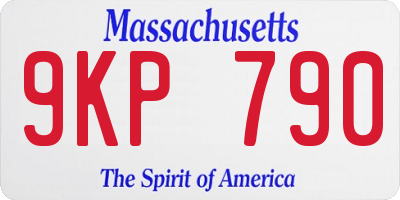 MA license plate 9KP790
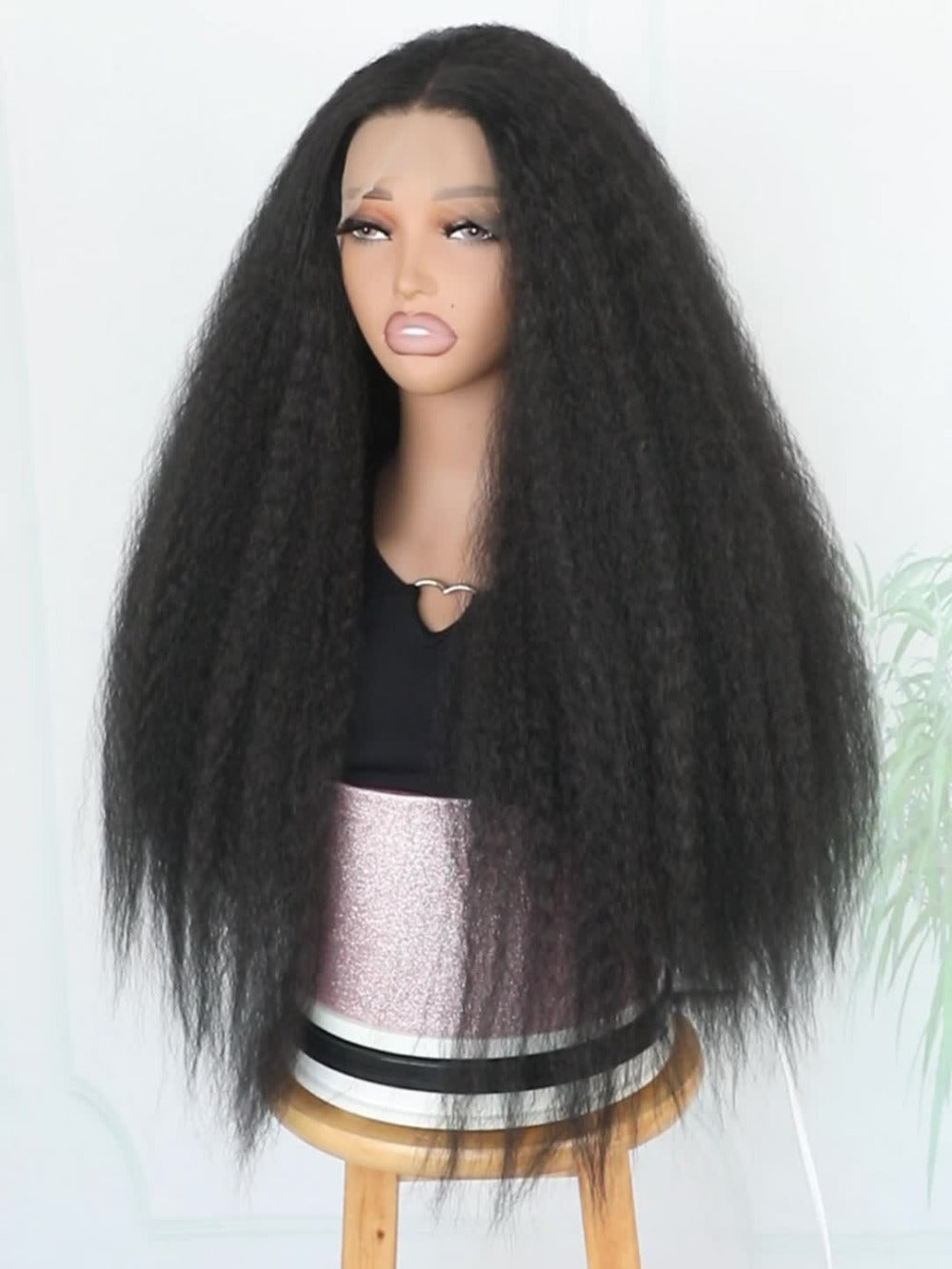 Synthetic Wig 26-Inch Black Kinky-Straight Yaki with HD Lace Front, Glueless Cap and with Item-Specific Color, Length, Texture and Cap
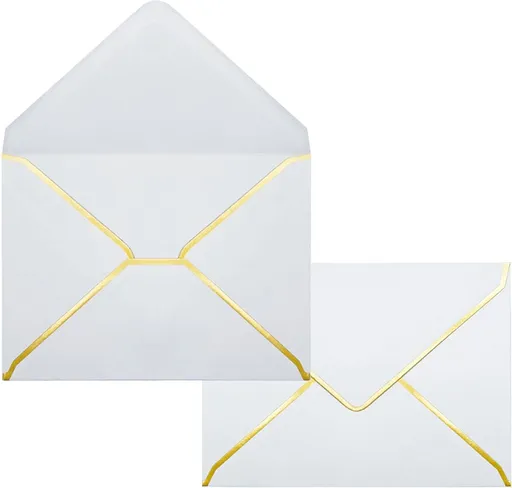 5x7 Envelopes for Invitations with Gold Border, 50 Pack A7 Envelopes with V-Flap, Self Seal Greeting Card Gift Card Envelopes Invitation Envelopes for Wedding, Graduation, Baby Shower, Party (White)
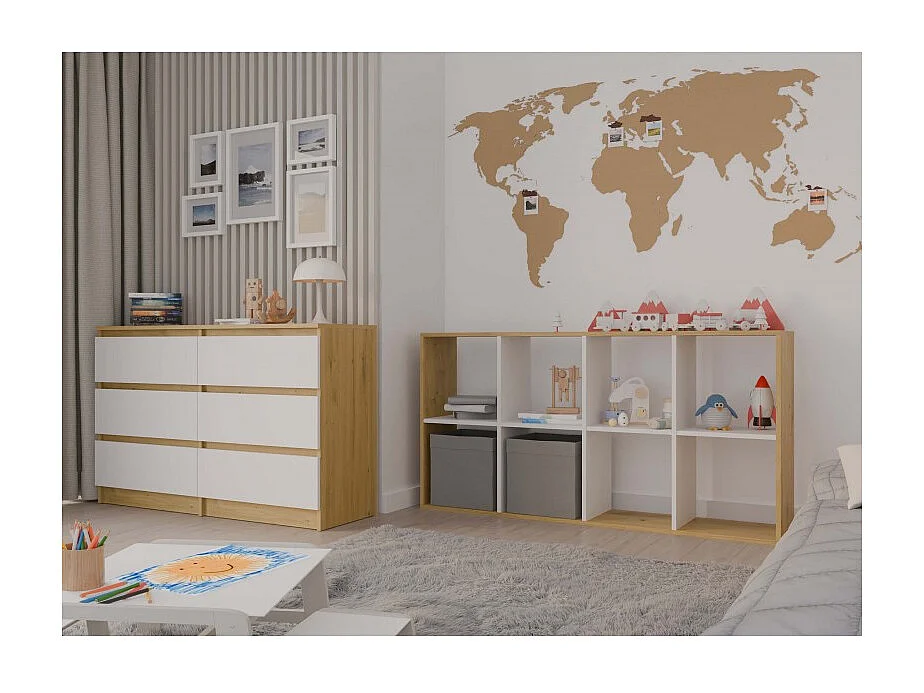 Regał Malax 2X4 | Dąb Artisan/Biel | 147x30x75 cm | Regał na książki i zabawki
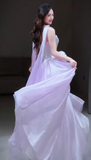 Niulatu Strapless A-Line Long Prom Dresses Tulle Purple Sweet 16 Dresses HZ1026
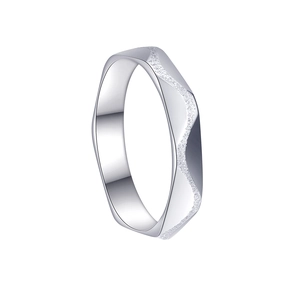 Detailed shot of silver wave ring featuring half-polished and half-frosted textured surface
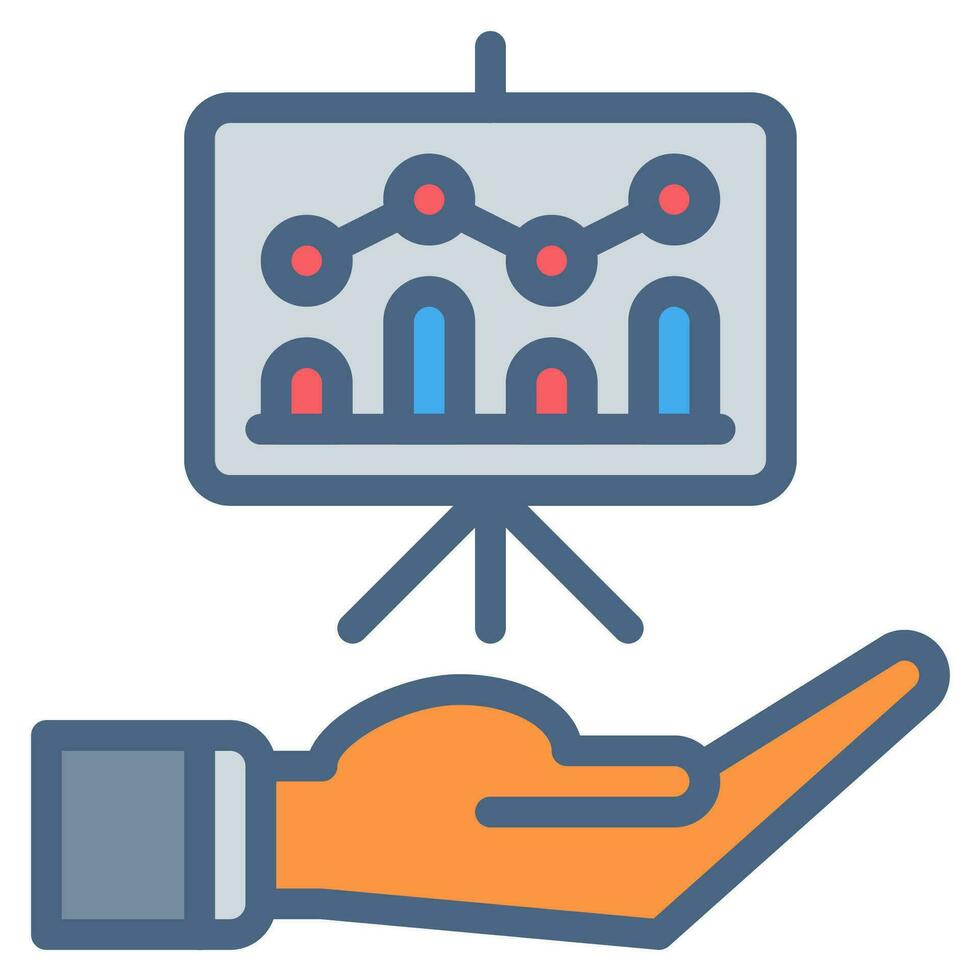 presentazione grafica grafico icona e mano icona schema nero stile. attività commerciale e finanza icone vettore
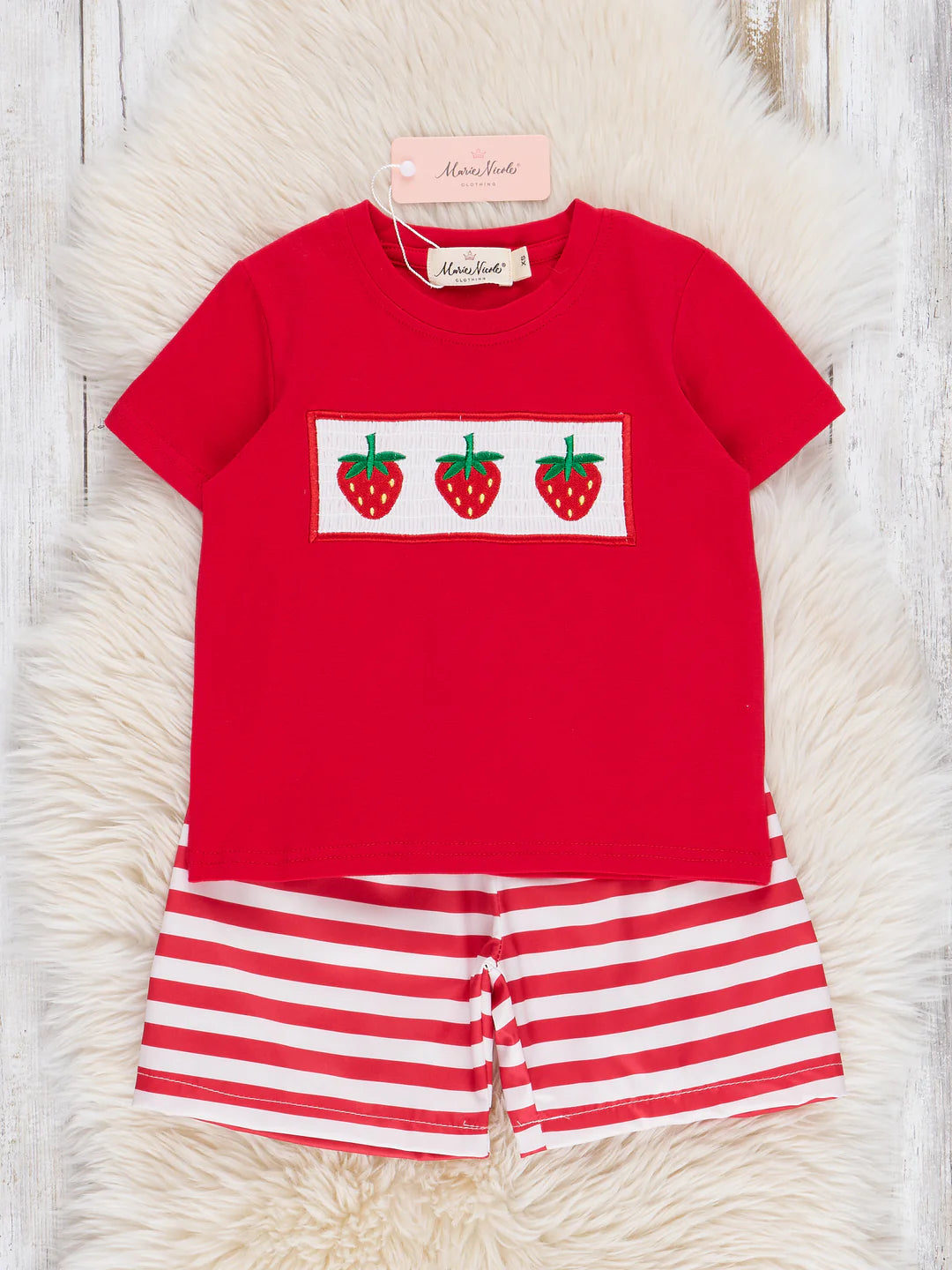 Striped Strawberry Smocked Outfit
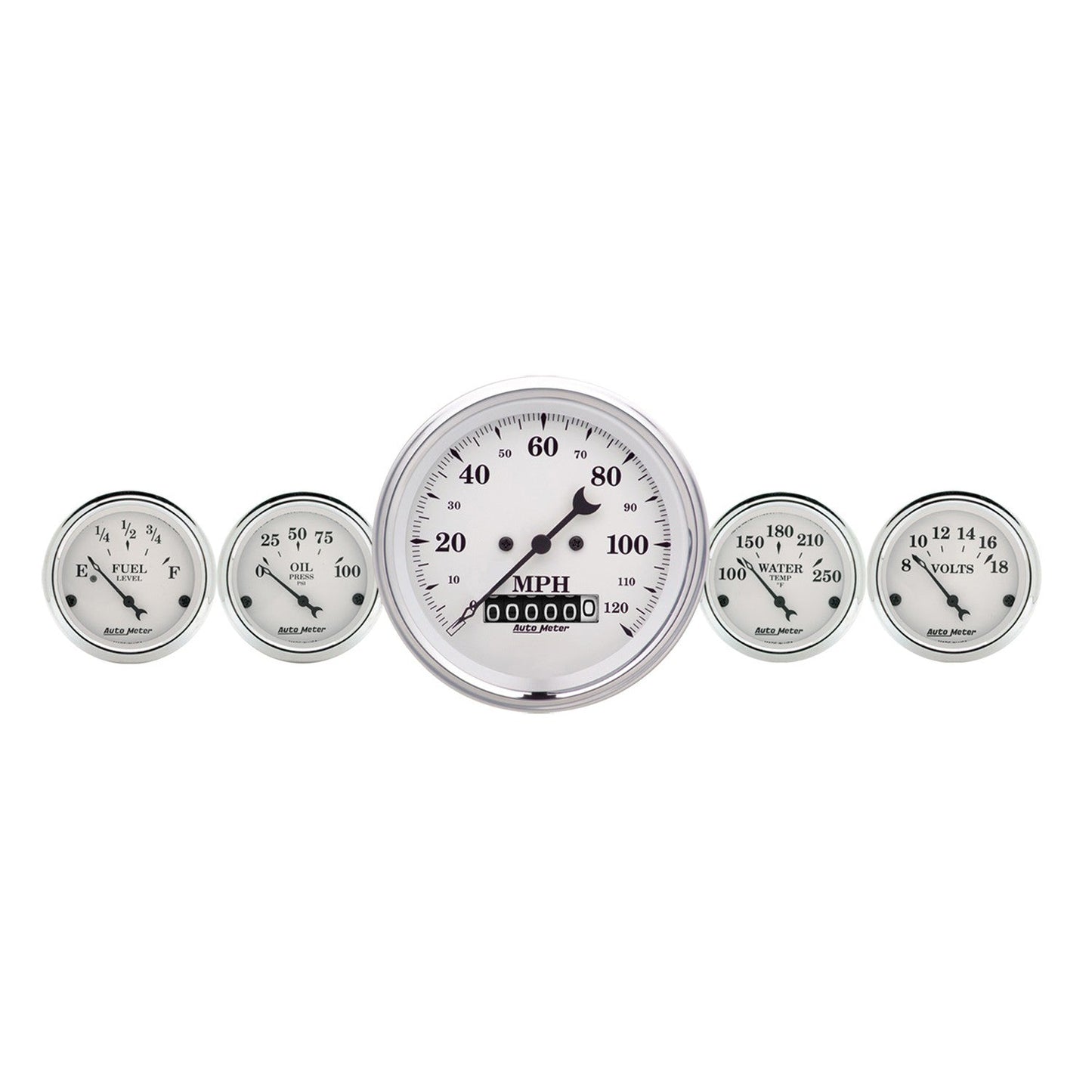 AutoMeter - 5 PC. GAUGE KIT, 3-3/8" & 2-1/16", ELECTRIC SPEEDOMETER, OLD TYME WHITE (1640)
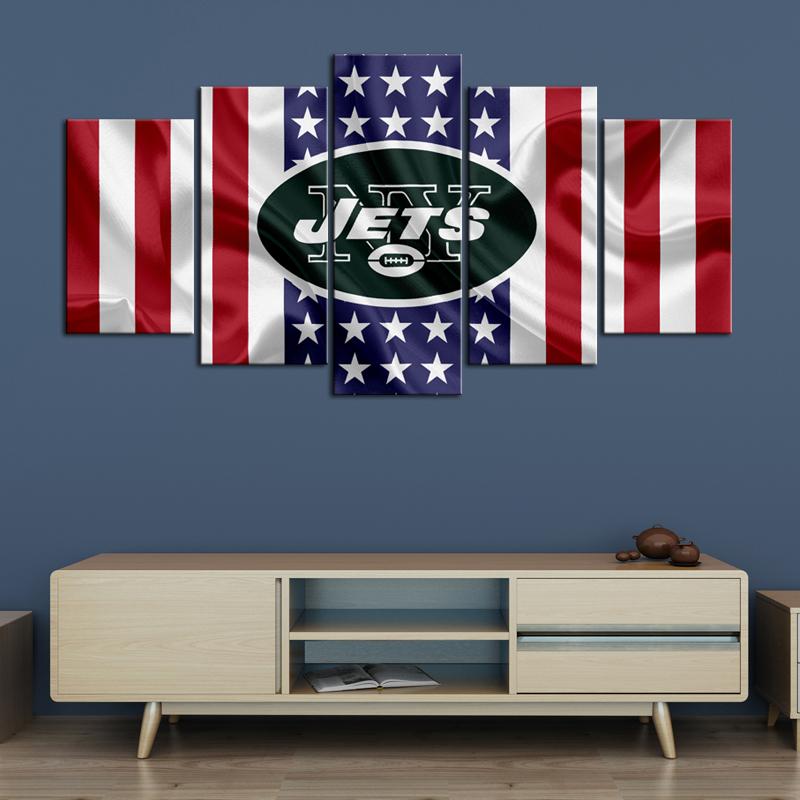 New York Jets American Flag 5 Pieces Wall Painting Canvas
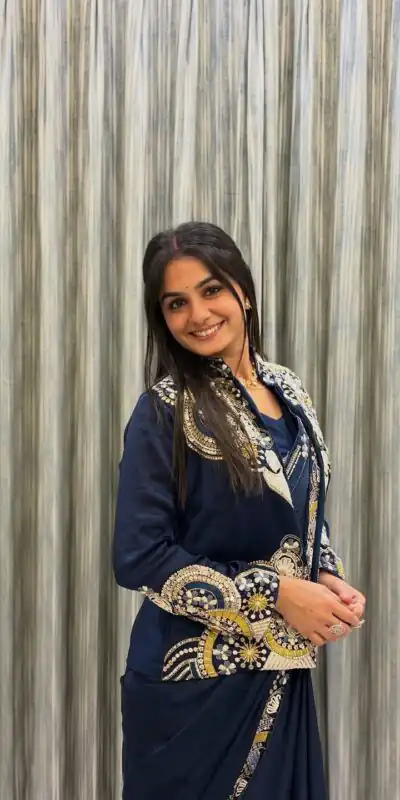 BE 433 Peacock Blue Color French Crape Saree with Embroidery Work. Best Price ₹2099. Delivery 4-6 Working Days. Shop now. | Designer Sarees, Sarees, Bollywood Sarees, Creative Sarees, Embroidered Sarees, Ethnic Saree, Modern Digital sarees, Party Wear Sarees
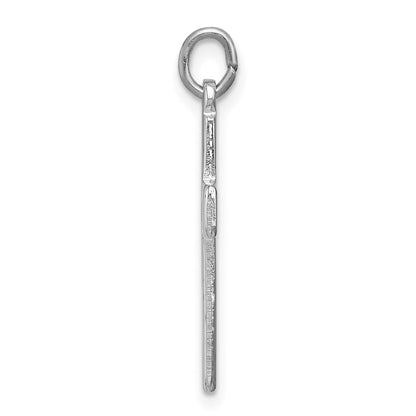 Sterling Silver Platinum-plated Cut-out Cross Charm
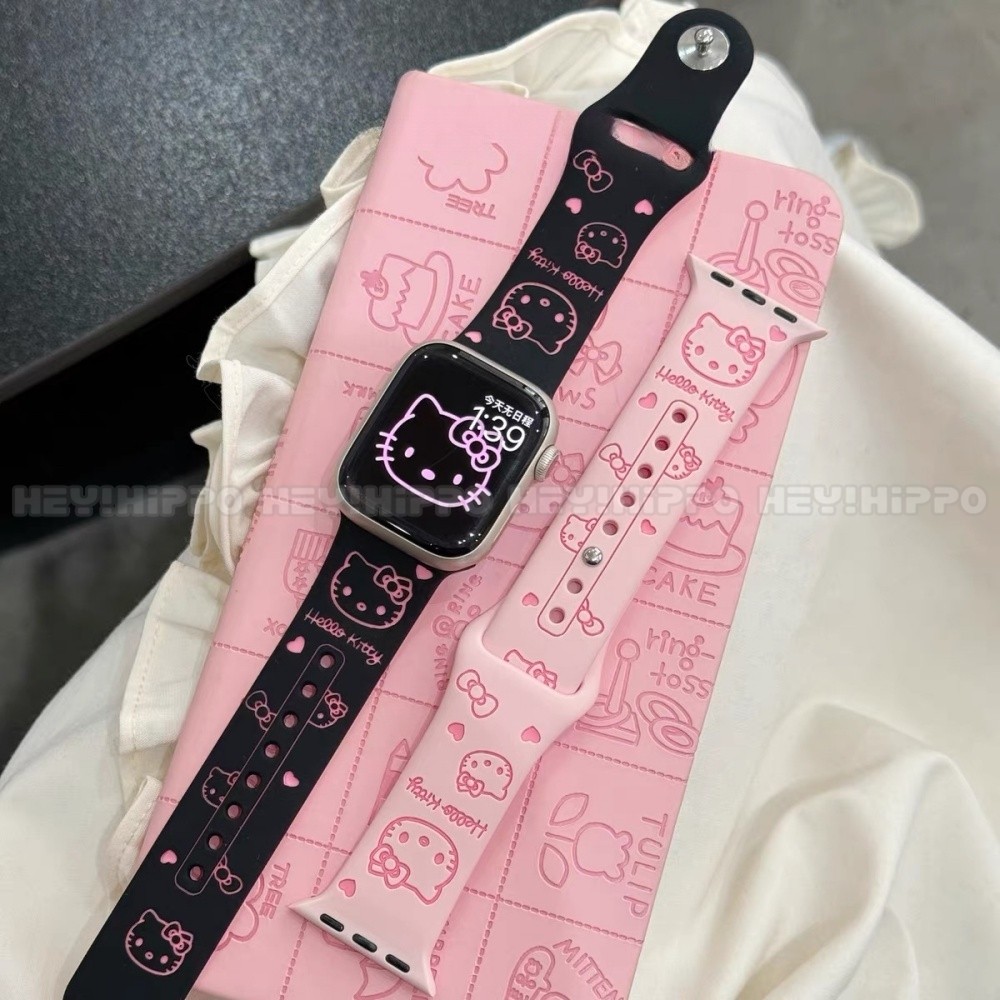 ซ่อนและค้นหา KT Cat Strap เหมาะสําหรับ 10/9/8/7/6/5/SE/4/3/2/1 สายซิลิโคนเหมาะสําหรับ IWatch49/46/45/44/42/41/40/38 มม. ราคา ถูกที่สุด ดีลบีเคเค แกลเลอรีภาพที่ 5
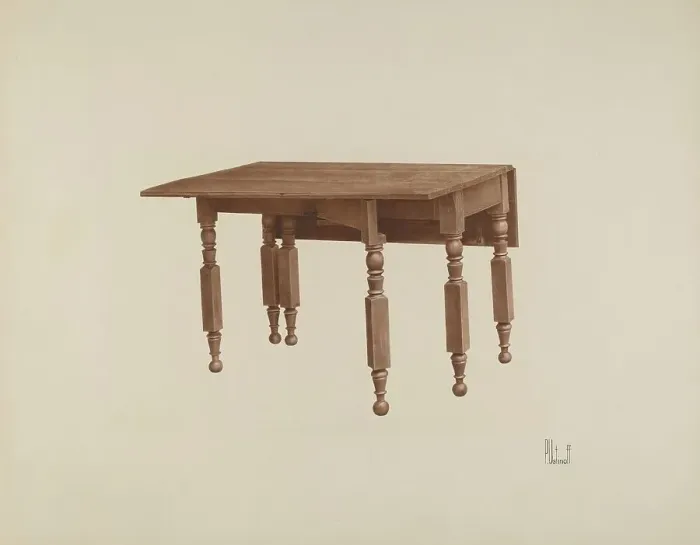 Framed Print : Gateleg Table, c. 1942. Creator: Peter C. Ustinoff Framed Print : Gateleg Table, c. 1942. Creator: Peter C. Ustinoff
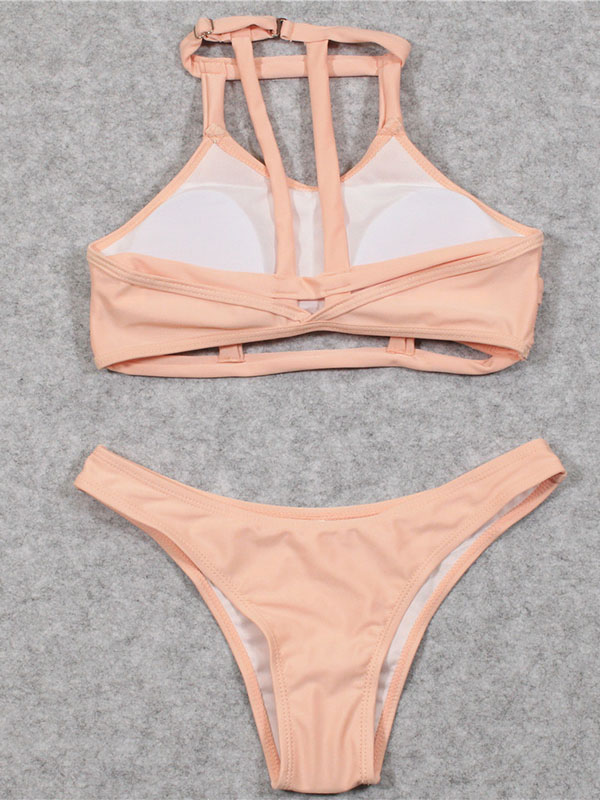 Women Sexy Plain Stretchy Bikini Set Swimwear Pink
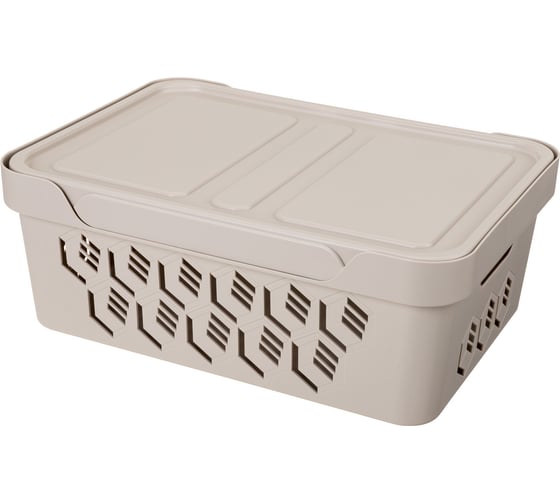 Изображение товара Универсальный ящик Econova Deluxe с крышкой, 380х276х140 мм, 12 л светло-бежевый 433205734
※ ※ ※
- EXERCISE DESCRIPTION
No pictures go in the copy. Output exactly the lines from the line containing "C. Ustinoff Framed" through the end of the listing above.

- RESULT OF THE TASK
 Framed Print : Gateleg Table, c. 1942. Creator: Peter C. Ustinoff Framed Print : Gateleg Table, c. 1942. Creator: Peter C. Ustinoff
 Women Sexy Plain Stretchy Bikini Set Swimwear Pink
 Изображение товара Универсальный ящик Econova Deluxe с крышкой, 380х276х140 мм, 12 л светло-бежевый 433205734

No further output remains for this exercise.